┌──

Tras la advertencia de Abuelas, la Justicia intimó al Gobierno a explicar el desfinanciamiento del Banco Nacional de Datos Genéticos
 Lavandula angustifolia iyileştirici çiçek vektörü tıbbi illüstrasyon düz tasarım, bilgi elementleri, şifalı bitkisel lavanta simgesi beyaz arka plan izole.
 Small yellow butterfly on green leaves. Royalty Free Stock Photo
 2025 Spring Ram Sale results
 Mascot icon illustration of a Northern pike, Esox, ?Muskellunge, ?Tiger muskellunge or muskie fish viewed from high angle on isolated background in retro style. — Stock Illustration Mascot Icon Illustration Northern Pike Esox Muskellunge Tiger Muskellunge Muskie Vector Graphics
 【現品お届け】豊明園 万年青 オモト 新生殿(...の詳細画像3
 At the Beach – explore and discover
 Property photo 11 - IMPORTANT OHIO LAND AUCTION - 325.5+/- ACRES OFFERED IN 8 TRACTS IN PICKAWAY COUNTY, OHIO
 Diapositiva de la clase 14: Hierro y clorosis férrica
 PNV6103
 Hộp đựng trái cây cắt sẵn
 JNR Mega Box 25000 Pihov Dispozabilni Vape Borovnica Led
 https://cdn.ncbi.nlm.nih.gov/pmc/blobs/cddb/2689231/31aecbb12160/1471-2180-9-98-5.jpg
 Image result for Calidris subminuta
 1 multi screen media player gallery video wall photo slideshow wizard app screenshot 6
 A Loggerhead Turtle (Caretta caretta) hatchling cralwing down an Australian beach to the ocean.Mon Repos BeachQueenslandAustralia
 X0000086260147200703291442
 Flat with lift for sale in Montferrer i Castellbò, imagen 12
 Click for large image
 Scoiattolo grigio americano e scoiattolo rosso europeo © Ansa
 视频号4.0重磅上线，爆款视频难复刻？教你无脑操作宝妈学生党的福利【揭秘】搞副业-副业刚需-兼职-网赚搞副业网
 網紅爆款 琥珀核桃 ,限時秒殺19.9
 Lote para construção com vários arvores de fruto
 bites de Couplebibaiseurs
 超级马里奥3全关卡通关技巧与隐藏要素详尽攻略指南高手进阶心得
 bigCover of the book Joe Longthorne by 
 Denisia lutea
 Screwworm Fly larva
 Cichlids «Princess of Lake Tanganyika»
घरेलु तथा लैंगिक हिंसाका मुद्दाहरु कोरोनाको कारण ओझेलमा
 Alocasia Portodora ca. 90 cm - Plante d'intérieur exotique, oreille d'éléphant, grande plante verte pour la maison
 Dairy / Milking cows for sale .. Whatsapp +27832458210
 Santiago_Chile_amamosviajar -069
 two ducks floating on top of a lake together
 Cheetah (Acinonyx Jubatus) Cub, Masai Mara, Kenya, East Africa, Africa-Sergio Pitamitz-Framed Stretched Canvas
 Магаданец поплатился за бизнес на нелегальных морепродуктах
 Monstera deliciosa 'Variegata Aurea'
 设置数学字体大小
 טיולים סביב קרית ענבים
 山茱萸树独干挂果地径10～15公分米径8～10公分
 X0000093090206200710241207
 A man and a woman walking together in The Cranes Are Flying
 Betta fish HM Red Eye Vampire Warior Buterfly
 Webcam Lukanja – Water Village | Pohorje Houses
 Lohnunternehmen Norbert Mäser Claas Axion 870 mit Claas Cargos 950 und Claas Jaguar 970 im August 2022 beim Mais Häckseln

└──

Everything in the listing should be set down again exactly.

Tras la advertencia de Abuelas, la Justicia intimó al Gobierno a explicar el desfinanciamiento del Banco Nacional de Datos Genéticos
 Lavandula angustifolia iyileştirici çiçek vektörü tıbbi illüstrasyon düz tasarım, bilgi elementleri, şifalı bitkisel lavanta simgesi beyaz arka plan izole.
 Small yellow butterfly on green leaves. Royalty Free Stock Photo
 2025 Spring Ram Sale results
 Mascot icon illustration of a Northern pike, Esox, ?Muskellunge, ?Tiger muskellunge or muskie fish viewed from high angle on isolated background in retro style. — Stock Illustration Mascot Icon Illustration Northern Pike Esox Muskellunge Tiger Muskellunge Muskie Vector Graphics
 【現品お届け】豊明園 万年青 オモト 新生殿(...の詳細画像3
 At the Beach – explore and discover
 Property photo 11 - IMPORTANT OHIO LAND AUCTION - 325.5+/- ACRES OFFERED IN 8 TRACTS IN PICKAWAY COUNTY, OHIO
 Diapositiva de la clase 14: Hierro y clorosis férrica
 PNV6103
 Hộp đựng trái cây cắt sẵn
 JNR Mega Box 25000 Pihov Dispozabilni Vape Borovnica Led
 https://cdn.ncbi.nlm.nih.gov/pmc/blobs/cddb/2689231/31aecbb12160/1471-2180-9-98-5.jpg
 Image result for Calidris subminuta
 1 multi screen media player gallery video wall photo slideshow wizard app screenshot 6
 A Loggerhead Turtle (Caretta caretta) hatchling cralwing down an Australian beach to the ocean.Mon Repos BeachQueenslandAustralia
 X0000086260147200703291442
 Flat with lift for sale in Montferrer i Castellbò, imagen 12
 Click for large image
 Scoiattolo grigio americano e scoiattolo rosso europeo © Ansa
 视频号4.0重磅上线，爆款视频难复刻？教你无脑操作宝妈学生党的福利【揭秘】搞副业-副业刚需-兼职-网赚搞副业网
 網紅爆款 琥珀核桃 ,限時秒殺19.9
 Lote para construção com vários arvores de fruto
 bites de Couplebibaiseurs
 超级马里奥3全关卡通关技巧与隐藏要素详尽攻略指南高手进阶心得
 bigCover of the book Joe Longthorne by 
 Denisia lutea
 Screwworm Fly larva
 Cichlids «Princess of Lake Tanganyika»
घरेलु तथा लैंगिक हिंसाका मुद्दाहरु कोरोनाको कारण ओझेलमा
 Alocasia Portodora ca. 90 cm - Plante d'intérieur exotique, oreille d'éléphant, grande plante verte pour la maison
 Dairy / Milking cows for sale .. Whatsapp +27832458210
 Santiago_Chile_amamosviajar -069
 two ducks floating on top of a lake together
 Cheetah (Acinonyx Jubatus) Cub, Masai Mara, Kenya, East Africa, Africa-Sergio Pitamitz-Framed Stretched Canvas
 Магаданец поплатился за бизнес на нелегальных морепродуктах
 Monstera deliciosa 'Variegata Aurea'
 设置数学字体大小
 טיולים סביב קרית ענבים
 山茱萸树独干挂果地径10～15公分米径8～10公分
 X0000093090206200710241207
 A man and a woman walking together in The Cranes Are Flying
 Betta fish HM Red Eye Vampire Warior Buterfly
 Webcam Lukanja – Water Village | Pohorje Houses
 Lohnunternehmen Norbert Mäser Claas Axion 870 mit Claas Cargos 950 und Claas Jaguar 970 im August 2022 beim Mais Häckseln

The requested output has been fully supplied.